Remember the honey butter chip craze? Potato chips flavored with honey and butter were inarguably the greatest hit in South Korea's confectionary market in 2015. People had lined up in supermarkets in the hope of buying just one pack and some even paid double or triple online just to have the latest snack product delivered home.
The honey butter chips phase, however, soon cooled off, as it made way for newcomers that tasted even more interesting and unconventional.
Despite these fads, there have always been snacks that Koreans return to. Snacks that have been around more than 30 years and are still dominating the market with their solid consumer base. Their taste and even their packaging design remains little changed to keep tradition going.
"They were my snacks from childhood," said Cho Young, a 39-year-old office worker in Seoul referring to her all-time favourite snack Saewookkang.
"And they taste as good as they were more than 30 years ago. I feel comfort while enjoying them.
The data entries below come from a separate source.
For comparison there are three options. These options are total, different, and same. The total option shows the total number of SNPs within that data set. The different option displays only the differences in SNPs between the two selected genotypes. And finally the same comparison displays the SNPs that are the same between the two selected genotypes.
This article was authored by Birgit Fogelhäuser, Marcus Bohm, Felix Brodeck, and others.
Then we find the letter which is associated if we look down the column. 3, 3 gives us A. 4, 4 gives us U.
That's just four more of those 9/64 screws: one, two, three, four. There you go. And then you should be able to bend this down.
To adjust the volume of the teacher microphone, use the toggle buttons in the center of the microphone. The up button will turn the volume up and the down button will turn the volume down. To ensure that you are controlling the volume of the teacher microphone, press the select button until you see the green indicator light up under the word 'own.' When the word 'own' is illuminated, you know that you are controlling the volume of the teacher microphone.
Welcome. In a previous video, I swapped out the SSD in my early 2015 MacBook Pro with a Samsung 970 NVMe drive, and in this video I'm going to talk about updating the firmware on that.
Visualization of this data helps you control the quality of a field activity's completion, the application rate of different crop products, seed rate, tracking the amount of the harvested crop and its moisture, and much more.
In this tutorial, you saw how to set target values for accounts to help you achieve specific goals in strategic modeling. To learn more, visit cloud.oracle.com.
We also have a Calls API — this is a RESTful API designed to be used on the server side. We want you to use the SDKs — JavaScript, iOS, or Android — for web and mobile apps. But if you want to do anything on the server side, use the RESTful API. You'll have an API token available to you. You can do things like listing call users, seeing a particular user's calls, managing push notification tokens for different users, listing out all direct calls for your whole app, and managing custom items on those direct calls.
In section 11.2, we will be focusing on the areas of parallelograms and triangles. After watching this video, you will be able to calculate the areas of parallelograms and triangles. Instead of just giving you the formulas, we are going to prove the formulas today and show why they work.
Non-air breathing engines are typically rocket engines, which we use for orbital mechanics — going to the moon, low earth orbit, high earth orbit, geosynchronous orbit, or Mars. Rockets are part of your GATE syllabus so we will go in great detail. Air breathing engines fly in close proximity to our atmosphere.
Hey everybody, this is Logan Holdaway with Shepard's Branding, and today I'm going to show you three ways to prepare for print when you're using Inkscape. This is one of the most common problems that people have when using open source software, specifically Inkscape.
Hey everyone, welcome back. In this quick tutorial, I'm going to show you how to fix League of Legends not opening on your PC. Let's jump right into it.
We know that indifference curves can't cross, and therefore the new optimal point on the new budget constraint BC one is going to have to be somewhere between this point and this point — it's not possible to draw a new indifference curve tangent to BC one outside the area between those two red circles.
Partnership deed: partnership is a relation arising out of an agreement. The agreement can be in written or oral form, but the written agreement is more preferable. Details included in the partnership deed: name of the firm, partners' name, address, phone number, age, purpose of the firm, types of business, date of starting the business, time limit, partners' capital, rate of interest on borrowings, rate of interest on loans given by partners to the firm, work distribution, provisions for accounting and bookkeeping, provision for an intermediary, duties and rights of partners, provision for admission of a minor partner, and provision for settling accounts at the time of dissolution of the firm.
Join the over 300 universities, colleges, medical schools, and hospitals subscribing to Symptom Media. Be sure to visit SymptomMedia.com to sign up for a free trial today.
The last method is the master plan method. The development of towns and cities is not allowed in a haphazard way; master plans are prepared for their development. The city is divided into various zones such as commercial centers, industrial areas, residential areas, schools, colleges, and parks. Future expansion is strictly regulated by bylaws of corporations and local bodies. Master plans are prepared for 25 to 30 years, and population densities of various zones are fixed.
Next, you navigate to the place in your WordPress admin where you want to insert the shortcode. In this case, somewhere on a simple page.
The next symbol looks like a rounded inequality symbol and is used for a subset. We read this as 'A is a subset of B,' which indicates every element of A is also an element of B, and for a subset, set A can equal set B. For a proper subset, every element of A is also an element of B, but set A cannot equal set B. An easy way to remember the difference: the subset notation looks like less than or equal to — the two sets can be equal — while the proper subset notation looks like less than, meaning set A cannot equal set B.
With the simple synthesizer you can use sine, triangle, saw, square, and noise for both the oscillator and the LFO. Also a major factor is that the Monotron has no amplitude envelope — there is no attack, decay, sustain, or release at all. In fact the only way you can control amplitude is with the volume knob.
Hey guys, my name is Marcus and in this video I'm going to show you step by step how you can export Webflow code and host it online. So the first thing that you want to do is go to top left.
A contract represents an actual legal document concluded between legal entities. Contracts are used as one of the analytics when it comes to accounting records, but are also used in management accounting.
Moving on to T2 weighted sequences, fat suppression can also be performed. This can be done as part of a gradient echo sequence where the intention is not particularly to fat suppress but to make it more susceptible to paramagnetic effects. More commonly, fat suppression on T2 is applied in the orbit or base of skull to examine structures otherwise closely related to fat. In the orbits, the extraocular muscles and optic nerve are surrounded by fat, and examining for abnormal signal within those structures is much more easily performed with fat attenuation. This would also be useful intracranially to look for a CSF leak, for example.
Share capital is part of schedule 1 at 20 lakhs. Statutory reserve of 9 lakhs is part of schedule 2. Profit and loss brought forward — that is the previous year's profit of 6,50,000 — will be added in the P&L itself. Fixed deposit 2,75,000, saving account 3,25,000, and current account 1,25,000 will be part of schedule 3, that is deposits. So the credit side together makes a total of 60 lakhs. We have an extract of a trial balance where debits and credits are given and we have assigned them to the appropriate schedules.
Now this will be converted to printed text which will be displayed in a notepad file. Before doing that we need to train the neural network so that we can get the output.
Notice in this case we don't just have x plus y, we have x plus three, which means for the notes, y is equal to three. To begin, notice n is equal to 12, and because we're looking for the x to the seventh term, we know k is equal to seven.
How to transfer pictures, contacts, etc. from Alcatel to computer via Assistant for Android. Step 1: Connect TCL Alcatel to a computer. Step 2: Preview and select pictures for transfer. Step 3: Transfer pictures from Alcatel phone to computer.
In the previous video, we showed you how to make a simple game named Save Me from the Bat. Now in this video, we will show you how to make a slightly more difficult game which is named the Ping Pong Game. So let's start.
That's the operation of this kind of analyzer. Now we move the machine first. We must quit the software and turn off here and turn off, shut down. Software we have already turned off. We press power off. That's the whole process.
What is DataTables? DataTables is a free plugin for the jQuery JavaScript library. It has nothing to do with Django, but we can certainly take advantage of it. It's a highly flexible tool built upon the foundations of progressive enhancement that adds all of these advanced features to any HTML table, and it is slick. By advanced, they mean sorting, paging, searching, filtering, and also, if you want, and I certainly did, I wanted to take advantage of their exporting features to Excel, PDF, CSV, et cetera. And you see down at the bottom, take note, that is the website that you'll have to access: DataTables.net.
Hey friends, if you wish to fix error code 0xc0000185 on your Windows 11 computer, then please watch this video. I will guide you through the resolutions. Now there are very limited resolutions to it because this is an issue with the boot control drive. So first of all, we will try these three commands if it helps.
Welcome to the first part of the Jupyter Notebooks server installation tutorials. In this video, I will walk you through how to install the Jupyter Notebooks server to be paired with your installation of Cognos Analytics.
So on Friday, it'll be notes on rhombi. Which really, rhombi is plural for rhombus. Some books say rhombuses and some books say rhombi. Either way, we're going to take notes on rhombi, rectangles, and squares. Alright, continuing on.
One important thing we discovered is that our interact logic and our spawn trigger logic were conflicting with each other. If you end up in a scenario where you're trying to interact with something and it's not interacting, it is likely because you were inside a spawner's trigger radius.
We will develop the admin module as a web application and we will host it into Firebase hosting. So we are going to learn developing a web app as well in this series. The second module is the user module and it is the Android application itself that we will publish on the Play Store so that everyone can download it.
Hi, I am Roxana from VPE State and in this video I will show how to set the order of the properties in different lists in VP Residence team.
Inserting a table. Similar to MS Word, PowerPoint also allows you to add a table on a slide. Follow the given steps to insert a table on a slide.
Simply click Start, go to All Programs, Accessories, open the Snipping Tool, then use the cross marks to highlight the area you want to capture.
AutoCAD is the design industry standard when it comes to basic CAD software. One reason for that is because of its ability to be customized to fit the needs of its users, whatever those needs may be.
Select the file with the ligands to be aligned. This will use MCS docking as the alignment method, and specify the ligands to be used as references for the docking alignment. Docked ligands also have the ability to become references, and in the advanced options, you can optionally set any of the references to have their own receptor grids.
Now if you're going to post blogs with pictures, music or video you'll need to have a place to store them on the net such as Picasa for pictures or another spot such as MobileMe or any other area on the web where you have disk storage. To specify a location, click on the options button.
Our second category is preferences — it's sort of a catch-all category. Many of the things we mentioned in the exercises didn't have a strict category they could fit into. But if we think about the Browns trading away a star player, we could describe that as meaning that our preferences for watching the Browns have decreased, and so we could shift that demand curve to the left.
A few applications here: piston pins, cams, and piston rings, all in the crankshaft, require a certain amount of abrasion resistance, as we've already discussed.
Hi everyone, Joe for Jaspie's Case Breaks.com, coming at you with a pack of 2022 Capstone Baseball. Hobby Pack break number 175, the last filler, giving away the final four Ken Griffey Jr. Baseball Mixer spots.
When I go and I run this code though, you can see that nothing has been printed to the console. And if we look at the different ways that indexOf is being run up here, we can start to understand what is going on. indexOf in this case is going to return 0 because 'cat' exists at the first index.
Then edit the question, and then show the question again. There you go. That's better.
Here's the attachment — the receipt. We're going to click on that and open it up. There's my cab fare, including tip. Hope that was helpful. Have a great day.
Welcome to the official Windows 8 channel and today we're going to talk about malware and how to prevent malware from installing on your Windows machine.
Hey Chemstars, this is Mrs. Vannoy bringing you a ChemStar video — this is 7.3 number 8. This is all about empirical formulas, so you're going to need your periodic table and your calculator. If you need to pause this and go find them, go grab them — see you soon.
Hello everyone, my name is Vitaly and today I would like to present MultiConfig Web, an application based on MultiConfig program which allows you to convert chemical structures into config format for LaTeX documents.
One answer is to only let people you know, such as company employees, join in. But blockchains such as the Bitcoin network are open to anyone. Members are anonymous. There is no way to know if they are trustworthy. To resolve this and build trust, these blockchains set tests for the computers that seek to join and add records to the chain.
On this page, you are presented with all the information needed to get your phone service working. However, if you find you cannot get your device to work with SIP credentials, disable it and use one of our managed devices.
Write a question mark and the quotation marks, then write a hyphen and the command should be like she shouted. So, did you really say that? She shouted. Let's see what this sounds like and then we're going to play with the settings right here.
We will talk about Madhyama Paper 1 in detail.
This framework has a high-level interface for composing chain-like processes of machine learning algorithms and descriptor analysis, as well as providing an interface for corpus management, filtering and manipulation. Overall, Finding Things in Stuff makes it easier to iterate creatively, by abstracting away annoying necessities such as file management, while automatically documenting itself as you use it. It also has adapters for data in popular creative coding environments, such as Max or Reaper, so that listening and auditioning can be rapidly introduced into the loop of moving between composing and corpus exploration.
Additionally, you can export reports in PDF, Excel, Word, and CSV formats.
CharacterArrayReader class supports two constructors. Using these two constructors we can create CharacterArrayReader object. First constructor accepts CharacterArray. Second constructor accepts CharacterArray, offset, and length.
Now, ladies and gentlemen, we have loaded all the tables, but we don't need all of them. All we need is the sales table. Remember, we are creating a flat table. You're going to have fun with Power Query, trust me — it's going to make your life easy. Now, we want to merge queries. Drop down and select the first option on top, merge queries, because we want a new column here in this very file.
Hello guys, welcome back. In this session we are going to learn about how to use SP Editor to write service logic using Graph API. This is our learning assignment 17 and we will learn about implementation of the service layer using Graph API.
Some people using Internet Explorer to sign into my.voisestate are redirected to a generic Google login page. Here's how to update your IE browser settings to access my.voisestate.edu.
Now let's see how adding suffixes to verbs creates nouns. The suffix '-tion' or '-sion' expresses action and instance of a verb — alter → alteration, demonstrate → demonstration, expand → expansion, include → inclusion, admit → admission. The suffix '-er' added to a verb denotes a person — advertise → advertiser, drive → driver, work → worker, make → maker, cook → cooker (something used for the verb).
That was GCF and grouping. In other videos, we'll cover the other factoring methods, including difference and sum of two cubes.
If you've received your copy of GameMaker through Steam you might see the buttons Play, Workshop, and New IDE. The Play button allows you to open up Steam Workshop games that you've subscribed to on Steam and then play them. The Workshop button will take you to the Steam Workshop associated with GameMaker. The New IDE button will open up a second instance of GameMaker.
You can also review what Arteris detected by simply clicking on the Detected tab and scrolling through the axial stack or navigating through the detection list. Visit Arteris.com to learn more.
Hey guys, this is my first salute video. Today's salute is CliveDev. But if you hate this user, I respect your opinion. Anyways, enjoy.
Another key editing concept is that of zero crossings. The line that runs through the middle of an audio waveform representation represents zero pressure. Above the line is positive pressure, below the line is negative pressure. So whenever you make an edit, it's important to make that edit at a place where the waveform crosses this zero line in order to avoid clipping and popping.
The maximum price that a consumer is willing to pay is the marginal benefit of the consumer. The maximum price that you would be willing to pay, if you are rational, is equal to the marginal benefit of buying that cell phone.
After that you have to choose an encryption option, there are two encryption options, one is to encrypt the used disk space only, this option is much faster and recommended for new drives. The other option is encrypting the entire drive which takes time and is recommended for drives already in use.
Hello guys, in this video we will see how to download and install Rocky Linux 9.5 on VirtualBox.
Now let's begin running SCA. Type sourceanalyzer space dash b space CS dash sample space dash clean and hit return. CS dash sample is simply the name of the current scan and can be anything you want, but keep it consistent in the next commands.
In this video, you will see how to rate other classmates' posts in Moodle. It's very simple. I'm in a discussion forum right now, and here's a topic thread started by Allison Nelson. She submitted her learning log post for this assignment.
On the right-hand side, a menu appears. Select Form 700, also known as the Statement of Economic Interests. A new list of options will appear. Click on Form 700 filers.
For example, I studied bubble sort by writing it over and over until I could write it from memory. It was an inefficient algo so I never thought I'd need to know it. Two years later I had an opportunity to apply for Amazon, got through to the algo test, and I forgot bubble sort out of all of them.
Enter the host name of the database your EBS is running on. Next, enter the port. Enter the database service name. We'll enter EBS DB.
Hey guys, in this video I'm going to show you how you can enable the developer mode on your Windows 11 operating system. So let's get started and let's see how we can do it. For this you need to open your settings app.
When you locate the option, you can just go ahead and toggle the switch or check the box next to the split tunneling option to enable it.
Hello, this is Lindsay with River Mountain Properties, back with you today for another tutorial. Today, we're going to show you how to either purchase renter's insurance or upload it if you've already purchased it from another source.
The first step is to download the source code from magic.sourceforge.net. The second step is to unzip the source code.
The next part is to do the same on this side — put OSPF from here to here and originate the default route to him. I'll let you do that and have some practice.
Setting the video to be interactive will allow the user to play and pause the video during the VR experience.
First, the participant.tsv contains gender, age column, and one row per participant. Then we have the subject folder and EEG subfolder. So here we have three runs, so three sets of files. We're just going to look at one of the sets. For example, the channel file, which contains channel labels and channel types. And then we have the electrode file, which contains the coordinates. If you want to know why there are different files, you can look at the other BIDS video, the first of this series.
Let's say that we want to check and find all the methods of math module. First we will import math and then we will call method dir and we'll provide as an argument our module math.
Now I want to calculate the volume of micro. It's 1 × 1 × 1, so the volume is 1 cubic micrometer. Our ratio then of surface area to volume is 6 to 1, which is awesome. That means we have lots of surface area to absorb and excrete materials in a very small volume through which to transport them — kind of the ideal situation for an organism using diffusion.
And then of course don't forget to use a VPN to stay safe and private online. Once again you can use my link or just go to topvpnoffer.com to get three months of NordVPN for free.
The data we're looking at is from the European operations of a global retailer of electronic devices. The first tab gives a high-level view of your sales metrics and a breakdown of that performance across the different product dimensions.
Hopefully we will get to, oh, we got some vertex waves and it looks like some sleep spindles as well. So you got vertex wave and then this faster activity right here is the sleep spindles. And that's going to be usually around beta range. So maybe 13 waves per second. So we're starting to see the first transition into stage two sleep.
They are my soul food."
Here is a list of snacks that Koreans have craved for decades and are likely to continue to be their favorites in the future:
Launched by Nongshim in 1971
Saewookkang has been one of the best-selling snacks in South Korea since it was launched. Saewoo is the Korean word for shrimp and every 90 grams of the product includes four raw shrimps. It is steamed and fried to offer a crunchy taste.
Salty and crisp, Saewookkang is considered one of the best snacks that match with beer or beverages that are sweet and carbonated. So far, more than 7.7 billion packs have been sold as of last year, according to reports.
Launched by Orion in 1974
Orion's Choco Pie is a vanilla cream sandwich made with marshmallow and coated with chocolate. It is loved not only in Korea but also abroad.
Inspired by American moon pies, Choco Pie is exported to 60 countries including China and Russia. The product is marketed under the theme "sharing love," and it is often given as a token of affection and inspiration. It has even appeared as a motif of reconciliation in movies, such as "Joint Security Area" (2000), which depicted confrontation and friendship between the North and South Korean militaries.
Launched by Haitai in 1975
Matdongsan consists of crunchy glazed wheat sticks covered with peanut sprinkles. In 2015, Haitai said it had sold a total of 2.8 billion packs since 1975, meaning that every Korean may have eaten 55 packs. Dubbed a rival to Nongshim's Saewookkang, Matdongsan is in an exclusive category -- it is sweet and crunchy at the same time.
Believe it or not, Haitai says its secret recipe is playing Korean traditional music while fermenting its stick dough for 20 hours. The process makes the stick crunchy outside and soft inside, according to local news reports that quoted Haitai officials.
Launched by Orion in 1976
Ojingeo Ttangkong is a round snack that combines crispy peanuts and squid. Ojingeo and ttangkong refer to squid and peanuts, respectively. Also picked as a good snack to have with beer, Ojingeo Ttangkong has gained even more popularity in recent years, along with the growing number of Koreans who enjoy a drink alone at home. The recipe is a bit more complicated than it looks, as it is made by first applying 27 layers of batter to peanuts and then baking the mixture. The batter is also mixed in a strict order, with the squid being put at the very last minute to maximise the combination of flavors and crunchiness of the snack.